GIVEN DATA:
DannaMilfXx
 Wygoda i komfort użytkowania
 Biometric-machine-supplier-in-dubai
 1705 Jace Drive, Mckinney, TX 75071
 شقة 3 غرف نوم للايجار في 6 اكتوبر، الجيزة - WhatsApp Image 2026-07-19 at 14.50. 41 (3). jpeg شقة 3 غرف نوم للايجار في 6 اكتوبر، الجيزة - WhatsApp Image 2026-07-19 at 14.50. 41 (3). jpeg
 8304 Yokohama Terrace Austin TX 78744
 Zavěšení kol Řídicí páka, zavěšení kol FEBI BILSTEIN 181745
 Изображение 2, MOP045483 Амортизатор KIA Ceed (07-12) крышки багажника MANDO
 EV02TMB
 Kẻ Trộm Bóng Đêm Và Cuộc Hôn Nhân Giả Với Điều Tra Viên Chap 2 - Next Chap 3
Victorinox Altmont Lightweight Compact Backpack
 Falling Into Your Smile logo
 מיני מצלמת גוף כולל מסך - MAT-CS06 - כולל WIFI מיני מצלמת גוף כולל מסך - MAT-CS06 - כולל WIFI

WHAT IS BEING ASKED:
Output the full listing above without altering a single word.

OUTPUT BELOW:
DannaMilfXx
 Wygoda i komfort użytkowania
 Biometric-machine-supplier-in-dubai
 1705 Jace Drive, Mckinney, TX 75071
 شقة 3 غرف نوم للايجار في 6 اكتوبر، الجيزة - WhatsApp Image 2026-07-19 at 14.50. 41 (3). jpeg شقة 3 غرف نوم للايجار في 6 اكتوبر، الجيزة - WhatsApp Image 2026-07-19 at 14.50. 41 (3). jpeg
 8304 Yokohama Terrace Austin TX 78744
 Zavěšení kol Řídicí páka, zavěšení kol FEBI BILSTEIN 181745
 Изображение 2, MOP045483 Амортизатор KIA Ceed (07-12) крышки багажника MANDO
 EV02TMB
 Kẻ Trộm Bóng Đêm Và Cuộc Hôn Nhân Giả Với Điều Tra Viên Chap 2 - Next Chap 3
Victorinox Altmont Lightweight Compact Backpack
 Falling Into Your Smile logo
 מיני מצלמת גוף כולל מסך - MAT-CS06 - כולל WIFI מיני מצלמת גוף כולל מסך - MAT-CS06 - כולל WIFI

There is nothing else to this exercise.